Трудно точно передать то внутреннее напряжение, которые вызвали эти события внутри унионистской партии. Хотя каждый член каждой партии был сбит со своих политических позиций ураганом мировых событий, хотя история человечества все еще катилась стремительным потоком и люди были поставлены в тупик и до последней степени утомлены всем тем, что совершалось у них на глазах, – тем не менее казалось почти нестерпимым отказаться от убеждений целой жизни, да еще при столь постыдных обстоятельствах. Раздражение было тем сильнее, что люди, переживавшие события всего острее и принадлежавшие к самым стойким элементам нации, сознавали свое бессилие. Ольстер был до чрезвычайности возбужден и не желал сотрудничать с правительством. 300 тыс. лоялистов южной Ирландии, оставшись в совершенно беспомощном состоянии, горько жаловались на свою судьбу.
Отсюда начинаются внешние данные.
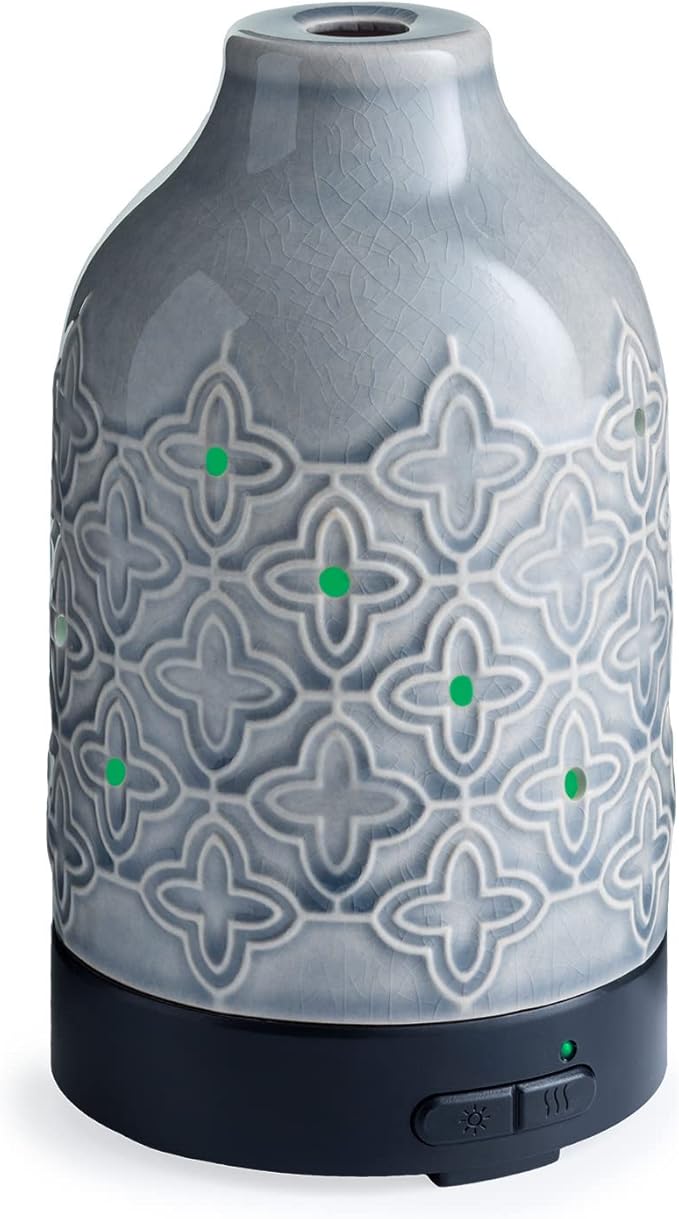 Airome Jasmine Medium Essential Oil Diffuser|100 mL Humidifying Ultrasonic Aromatherapy Diffuser 8 Colorful LED Lights, Intermittent & Continual Mist, Auto Shut-Off Airom%C3%A9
На этой стадии событий очень много зависело от поведения отдельных министров. Либералам и сторонникам гомруля было легко поддерживать предоставление Ирландии самого широкого самоуправления, но людям, вся политическая карьера которых была связана с борьбой против гомруля, приходилось разрешать неприятную и весьма рискованную задачу. Главная ответственность падала на лидера унионистской партии Остина Чемберлен. Он все время действовал в полном единодушии с премьер-министром и был готов сделать из своей позиции все логические выводы, не считаясь с теми последствиями, которые могли бы произойти лично для него.
Когда тот или другой лидер принимает решение, резко противоположное всем традициям и даже всему характеру его партии, то какой-нибудь другой выдающийся член партии легко может завоевать в ней руководящее политическое влияние. Никто не станет подвергать подозрению его мотивы, ибо ведь он продолжает идти старым путем и ведет себя искренно, просто и последовательно. За таким человеком могут пойти многие люди, отличающиеся безусловной искренностью. Его поведение, хотя бы оно благоприятствовало осуществлению его собственных честолюбивых целей, всегда будет казаться вполне гармонирующим с его долгом и убеждениями. Поэтому в этот критический момент позиция лорда Биркенхеда, занимавшего тогда пост канцлера казначейства, была чрезвычайно важна. За все время своей деятельности он энергично и последовательно противился введению гомруля. Он был тесно связан с сэром Эдуардом Карсоном и не отступил перед угрозой гражданской войны, которая сыграла свою роль в событиях, разыгравшихся в Ирландии в 1914 г. Сопротивление намеченному проекту разрешения ирландского вопроса ни для кого другого не принесло бы столь больших личных выгод, как для лорда Биркенхеда, а поддержка этого шага ни на ком другом не отразилась бы так тяжело, как на нем. Тем не менее, вопреки своим прошлым традициям и интересам своей будущей карьеры, он оказался самым решительным сторонником гомруля, – наиболее решительным из всех консерваторов. Борцы за ирландское свободное государство понимали, что они обязаны ему благодарностью, – и в этом отношении были совершенно правы. В этот критический момент независимость и бесстрашие лидера унионистской партии и его самого влиятельного сотрудника сыграла немалую историческую роль. Ценность политических систем до известной [c.203] степени определяется тем, способны ли или неспособны их руководящие представители принимать важные решения беспристрастно, вопреки своим собственным интересам, а часто и интересам своих лучших друзей.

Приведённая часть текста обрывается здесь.